* _What is expected_
Below is some material. Set down exactly the line where "Hostal Casa Pardal" appears and all lines after it, and stop at the last line.

*** Supplied records ***

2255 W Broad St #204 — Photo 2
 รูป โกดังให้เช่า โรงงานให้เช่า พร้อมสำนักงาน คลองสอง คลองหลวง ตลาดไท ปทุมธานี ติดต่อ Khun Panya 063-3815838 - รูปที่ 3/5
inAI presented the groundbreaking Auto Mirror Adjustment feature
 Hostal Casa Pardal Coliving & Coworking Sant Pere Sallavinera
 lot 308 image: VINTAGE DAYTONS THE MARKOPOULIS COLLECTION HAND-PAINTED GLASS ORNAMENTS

*** End of Supplied records ***

* _Written answer_
 Hostal Casa Pardal Coliving & Coworking Sant Pere Sallavinera
 lot 308 image: VINTAGE DAYTONS THE MARKOPOULIS COLLECTION HAND-PAINTED GLASS ORNAMENTS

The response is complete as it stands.